Exactly and only the lines below from the one containing "ROOR - UNBLEACHED - King Size Slim Papers" down to the one containing "Lee Mi Joo-Lee Jin Young relationship" are wanted, both included; please exclude every picture.

Records for this task below:

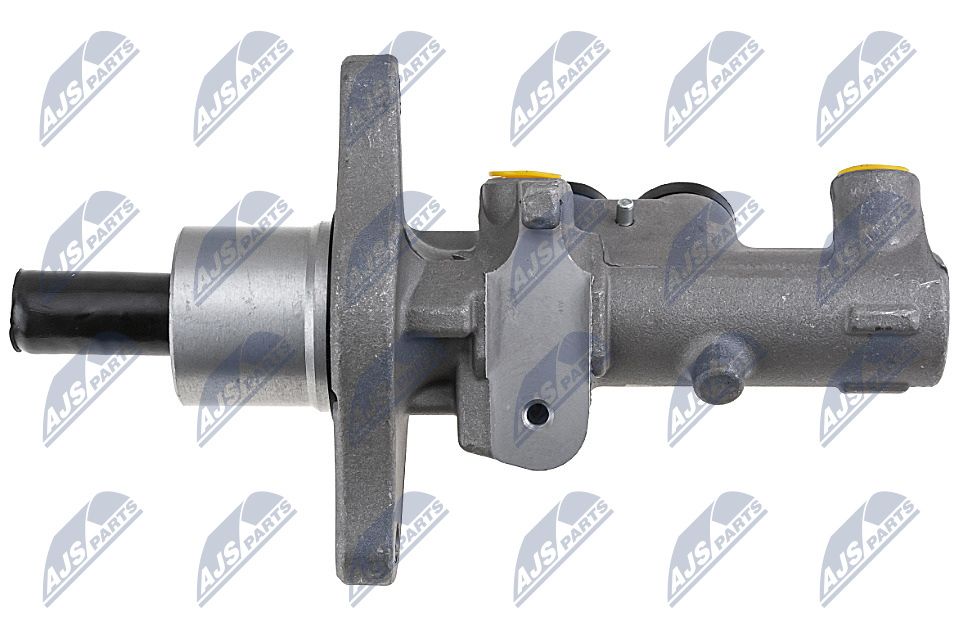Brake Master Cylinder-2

End of Records for this task.
Records for this task below:

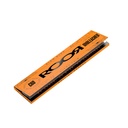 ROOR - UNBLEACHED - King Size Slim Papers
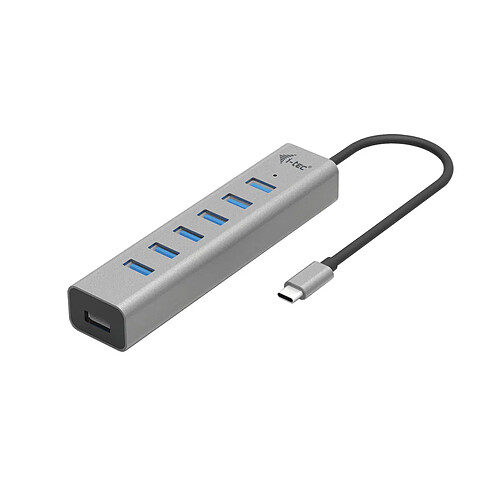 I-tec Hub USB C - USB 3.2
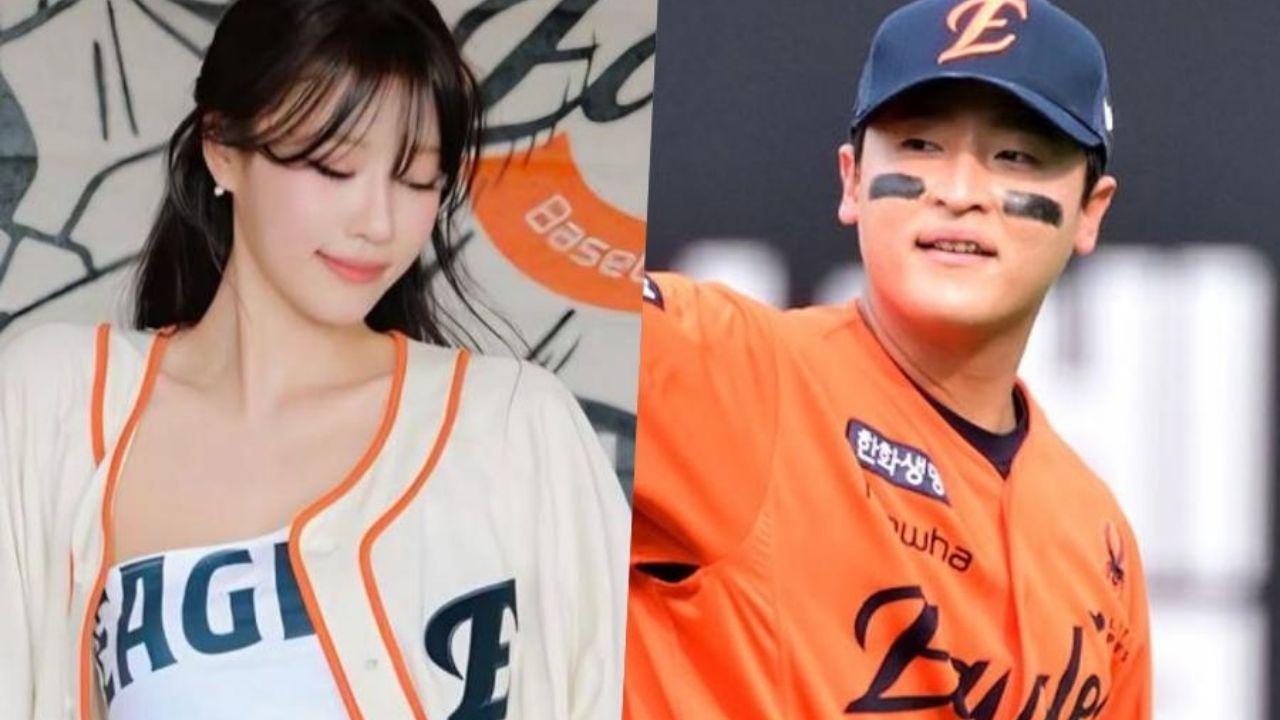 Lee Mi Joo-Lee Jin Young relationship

End of Records for this task.

» Solution to the exercise
 ROOR - UNBLEACHED - King Size Slim Papers
 I-tec Hub USB C - USB 3.2
 Lee Mi Joo-Lee Jin Young relationship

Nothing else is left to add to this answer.